Karena itu pula, tidak berlebihan bahwa kalangan LSM penggiat masalah lingkungan pun segera melayangkan gugatan class action, di samping mengadu ke Mahkamah Konstitusi, berkaitan dengan keputusan pemerintah menerbitkan Perppu Nomor 1/2004 yang memberikan izin pertambangan di kawasan hutang lindung ini. Langkah tersebut sama sekali bukan merupakan sikap ngeyel, melainkan lebih menegasikan tanggung jawab dan tekad menyelamatkan keberadaan hutan lindung yang nyata-nyata terancam rusak oleh aktivitas pertambangan.

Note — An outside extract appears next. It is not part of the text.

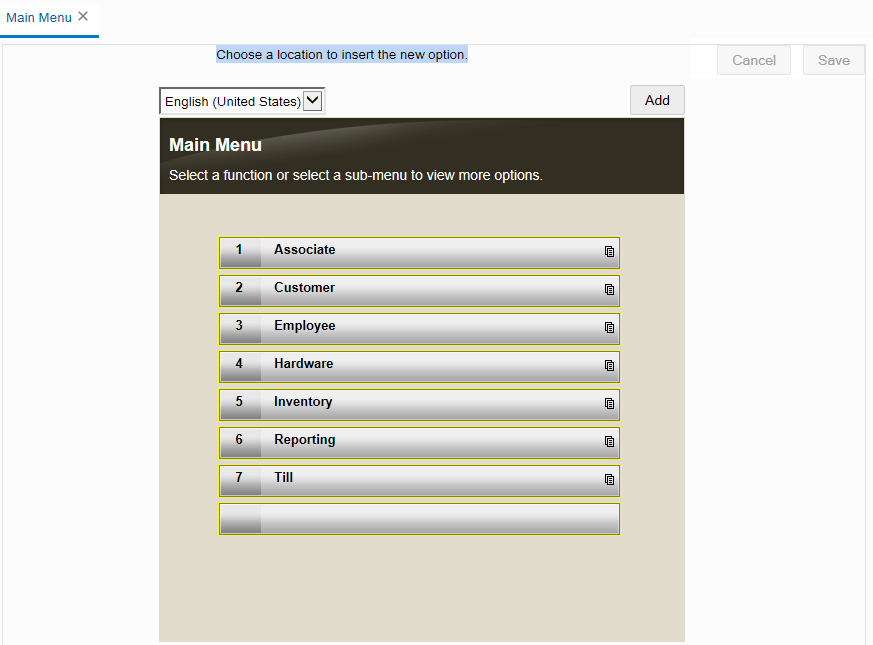 Menu List - New Menu Option Location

Kita menghargai tekad pemerintah sebagaimana diutarakan Menhut M Prakosa yang mengaku akan melakukan pengawasan ekstra ketat terhadap kegiatan pertambangan di kawasan hutan lindung ini. Tapi kita tidak mendapat penjelasan tentang langkah konkret mengenai strategi dan mekanisme pengawasan tersebut.

Lagi pula, jujur saja, kita skeptis bahwa pemerintah mampu melakukan fungsi pengawasan di lapangan. Kita bercermin saja pada masalah penebangan liar (illegal logging). Melihat penebangan liar terus saja marak, tak bisa tidak kita beroleh kesan bahwa pemerintah jelas-jelas gagal melakukan fungsi pengawasan dan penindakan hukum.

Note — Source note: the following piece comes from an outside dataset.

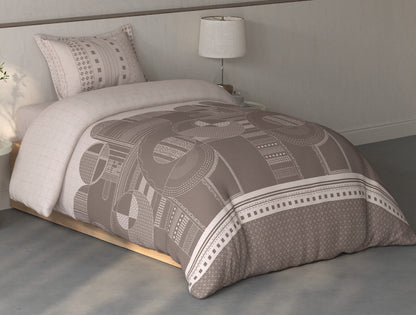 Spaces Fiora Light Taupe Geometric 100% Cotton Single Bedsheet with 1 Pillow Covers - 59 x 89 Inches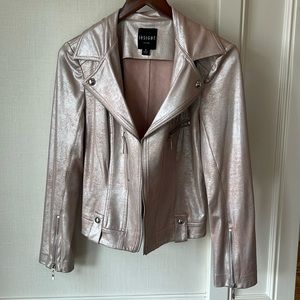 Pink faux, suede, leather bomber jacket, beautiful light, soft pink color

Karena itu, kita amat tidak yakin bahwa kerusakan lingkungan yang ditimbulkan kegiatan pertambangan di kawasan hutan lindung bisa diminimalisasi. Malah kita berkeyakinan bahwa kerusakan itu sungguh niscaya. Kita tahu, kegiatan pertambangan sama sekali tak bisa ramah terhadap lingkungan. Kegiatan pertambangan sungguh bersifat destruktif.

Bahkan kalaupun kegiatan itu dilakukan sungguh-sungguh sesuai rambu-rambu atau prosedur sekalipun, sifat destruktif operasi terbuka pertambangan tetap saja kental dan pekat. Jadi, teramat sulit membayangkan bahwa dampak kegiatan pertambangan terhadap lingkungan ini bisa diminimalisasi.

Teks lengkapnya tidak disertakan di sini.